* Provided records *
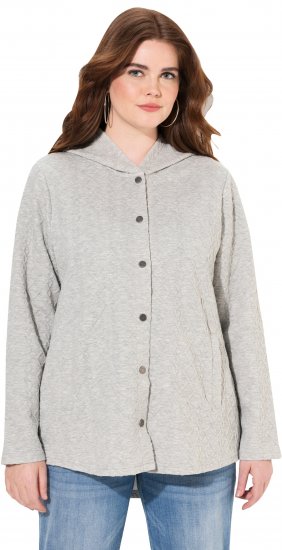 Ulla Popken Cable Knit Long Sleeve Hoodie Light Grey Melange - Collegetröjor & hoodies - 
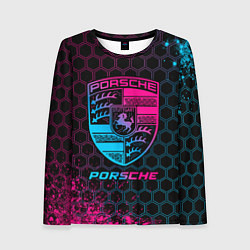 Женский лонгслив Porsche - neon gradient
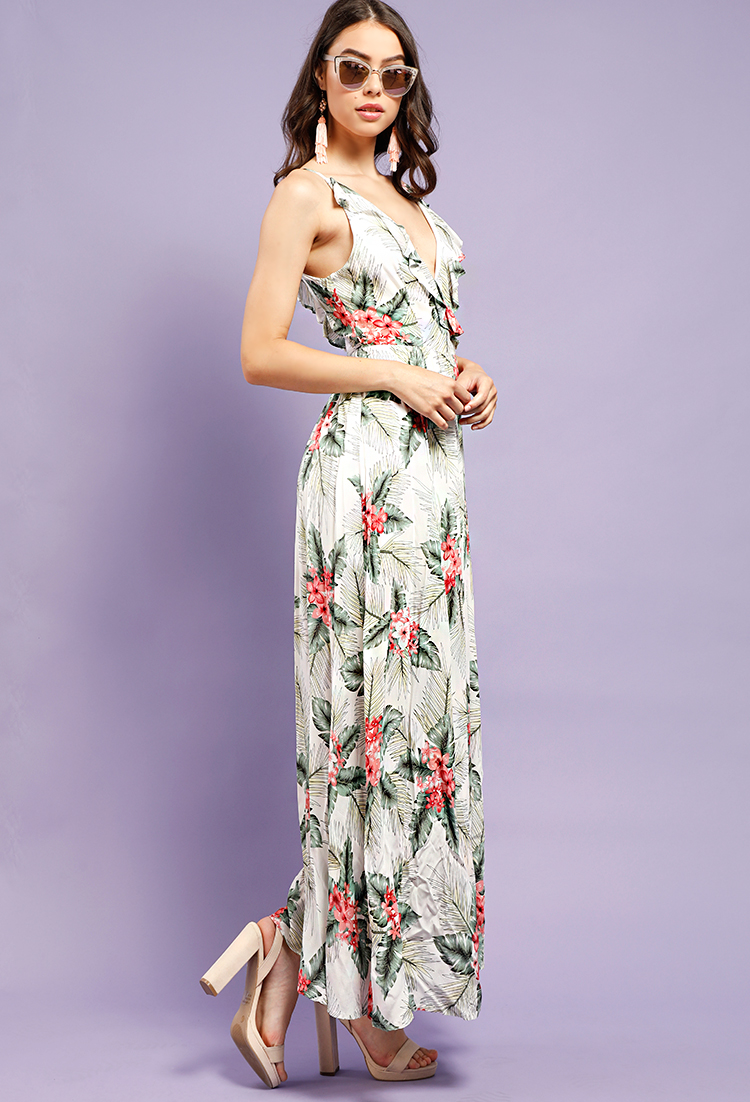 Tropical Floral Print Wrap Maxi Dress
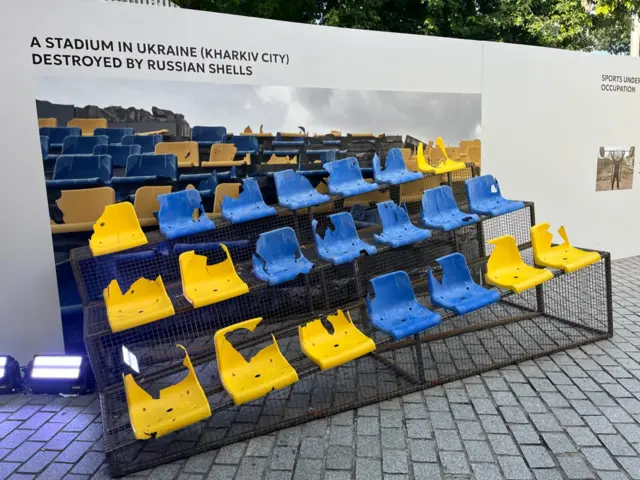 Part of a Ukrainian sport stadium destroyed by Russian attacks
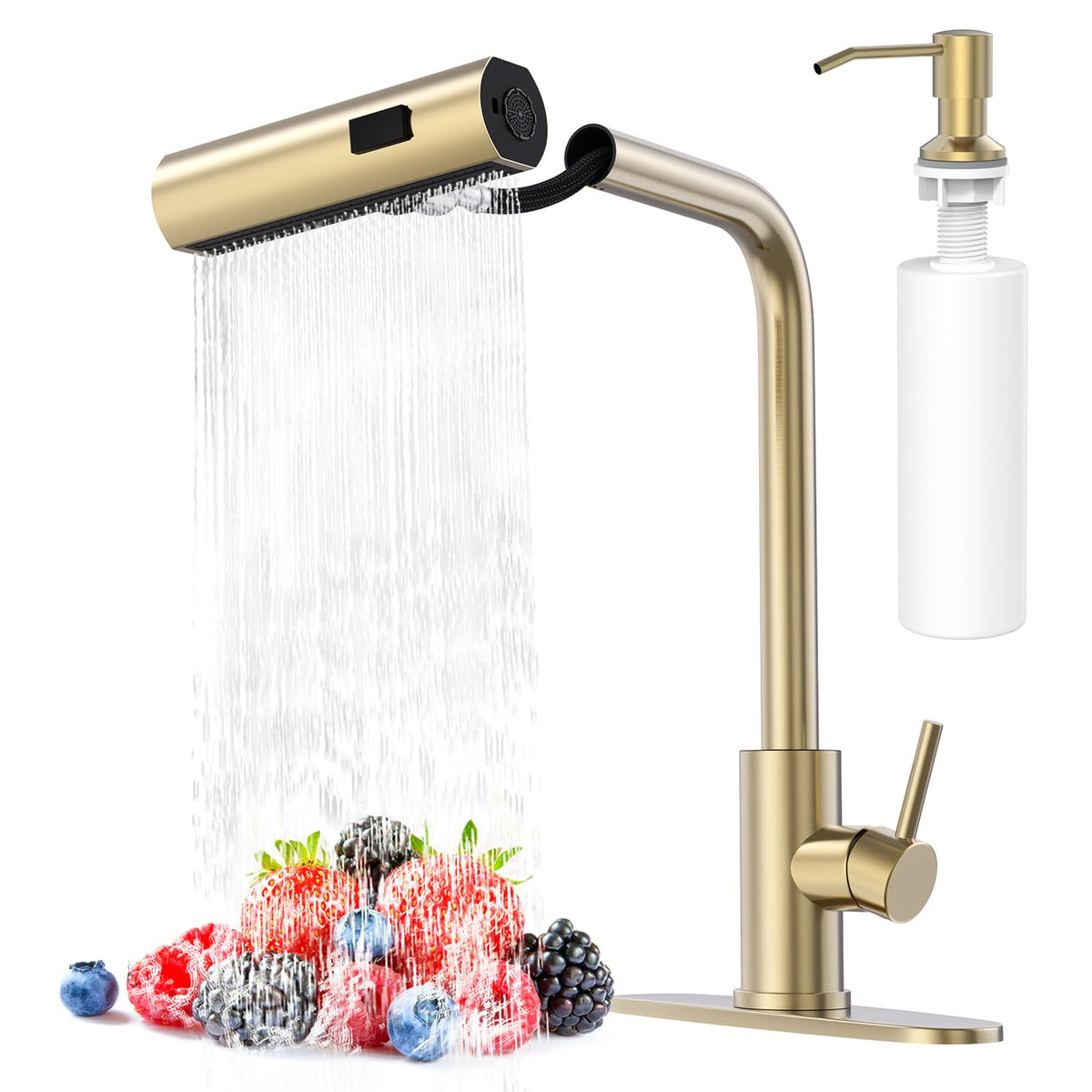 AVSIILE brushed gold waterfall faucet with a smooth wide-flow stream for easy rinsing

* Task *
Take the line containing "Part of a Ukrainian" as the first line and the last line of the data above as the final one, and output exactly the lines between them, inclusive, with no pictures.

* Completed exercise *
 Part of a Ukrainian sport stadium destroyed by Russian attacks
 AVSIILE brushed gold waterfall faucet with a smooth wide-flow stream for easy rinsing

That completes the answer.